Da abile negoziatore Gheddafi promette lucrosi affari all’Italia ma è facile immaginare che utilizzerà ancora una la volta l’arma degli immigrati clandestini per tenere aperto un terreno di confronto nonostante gli accordi firmati dagli ex ministri Pisanu e Amato e nonostante l’ultima intesa raggiunta da Roberto Maroni pochi giorni fa a Tripoli. Zlitni non era certo l’interlocutore giusto con il quale Berlusconi e Tremonti potessero affrontare ieri l’argomento clandestini ma sullo sfondo di ogni incontro italo-libico resterà forse sempre quello il vero nodo da sciogliere.

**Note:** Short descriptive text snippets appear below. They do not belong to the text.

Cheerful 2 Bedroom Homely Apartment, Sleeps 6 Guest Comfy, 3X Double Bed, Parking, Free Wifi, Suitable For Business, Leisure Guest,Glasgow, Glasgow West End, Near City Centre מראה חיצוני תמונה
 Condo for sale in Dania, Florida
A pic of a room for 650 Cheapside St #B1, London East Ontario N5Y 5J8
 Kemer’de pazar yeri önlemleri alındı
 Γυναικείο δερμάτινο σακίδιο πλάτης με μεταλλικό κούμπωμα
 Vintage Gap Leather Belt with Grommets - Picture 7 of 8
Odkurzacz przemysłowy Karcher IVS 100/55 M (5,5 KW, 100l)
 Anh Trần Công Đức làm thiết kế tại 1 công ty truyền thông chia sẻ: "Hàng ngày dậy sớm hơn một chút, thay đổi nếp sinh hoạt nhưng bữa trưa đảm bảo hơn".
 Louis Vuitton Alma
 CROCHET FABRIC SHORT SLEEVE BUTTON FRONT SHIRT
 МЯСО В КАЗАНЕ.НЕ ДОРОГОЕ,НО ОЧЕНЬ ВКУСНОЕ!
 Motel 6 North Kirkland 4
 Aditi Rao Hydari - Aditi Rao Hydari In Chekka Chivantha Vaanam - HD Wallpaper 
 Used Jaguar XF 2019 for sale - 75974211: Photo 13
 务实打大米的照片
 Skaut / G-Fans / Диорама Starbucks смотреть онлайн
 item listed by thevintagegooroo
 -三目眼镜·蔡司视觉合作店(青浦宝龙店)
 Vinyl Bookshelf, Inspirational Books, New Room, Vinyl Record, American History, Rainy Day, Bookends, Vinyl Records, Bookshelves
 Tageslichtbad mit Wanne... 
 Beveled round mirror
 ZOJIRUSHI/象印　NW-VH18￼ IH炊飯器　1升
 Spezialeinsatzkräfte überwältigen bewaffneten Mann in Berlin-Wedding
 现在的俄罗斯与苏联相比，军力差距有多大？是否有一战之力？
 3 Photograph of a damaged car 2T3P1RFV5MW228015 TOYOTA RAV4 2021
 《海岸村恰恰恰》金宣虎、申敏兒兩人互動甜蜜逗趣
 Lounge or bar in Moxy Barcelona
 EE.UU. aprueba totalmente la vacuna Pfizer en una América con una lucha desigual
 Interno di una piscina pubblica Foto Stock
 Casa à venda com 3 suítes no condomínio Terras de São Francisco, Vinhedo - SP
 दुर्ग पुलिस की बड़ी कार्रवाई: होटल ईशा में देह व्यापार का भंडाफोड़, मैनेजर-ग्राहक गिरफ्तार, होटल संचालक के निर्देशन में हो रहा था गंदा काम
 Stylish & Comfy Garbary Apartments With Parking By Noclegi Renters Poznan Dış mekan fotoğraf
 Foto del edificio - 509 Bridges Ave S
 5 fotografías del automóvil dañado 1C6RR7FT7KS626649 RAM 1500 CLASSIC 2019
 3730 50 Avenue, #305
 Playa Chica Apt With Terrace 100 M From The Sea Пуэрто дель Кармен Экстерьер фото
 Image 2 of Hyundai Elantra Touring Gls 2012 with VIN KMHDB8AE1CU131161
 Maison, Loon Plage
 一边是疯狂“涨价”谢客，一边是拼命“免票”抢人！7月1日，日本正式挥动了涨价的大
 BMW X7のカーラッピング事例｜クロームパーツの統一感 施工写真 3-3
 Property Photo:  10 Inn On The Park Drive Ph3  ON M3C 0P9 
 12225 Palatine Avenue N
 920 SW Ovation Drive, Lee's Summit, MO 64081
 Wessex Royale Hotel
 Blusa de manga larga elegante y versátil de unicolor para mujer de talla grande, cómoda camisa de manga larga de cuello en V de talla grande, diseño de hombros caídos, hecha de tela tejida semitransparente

Da Scajola: Ricognizione sui distretti

L’esperienza dei distretti italiani potrà essere esportata in Libia. Questa è almeno quanto chiedono le autorità di Tripoli nel quadro del partenariato prevista dal Trattato di amicizia e cooperazione. Dopo l’incontro di ieri con il premier Silvio Berlusconi e con il ministro dell’Economia Giulio Tremonti, oggi il ministro della Pianificazione e presidente della Libyan Investment Authority, Abdul Hafiz Zlitni, avrà un colloquio con il ministro dello Sviluppo economico Claudio Scajola. «L’idea – spiega l’ambasciatore libico Hafed Gaddur – è di individuare un gruppo di aziende italiane piccole e medie attive in vari settori disponibili a creare, insieme alla controparte libica, nuovi distretti industriali in zone vicine a porti e aeroporti».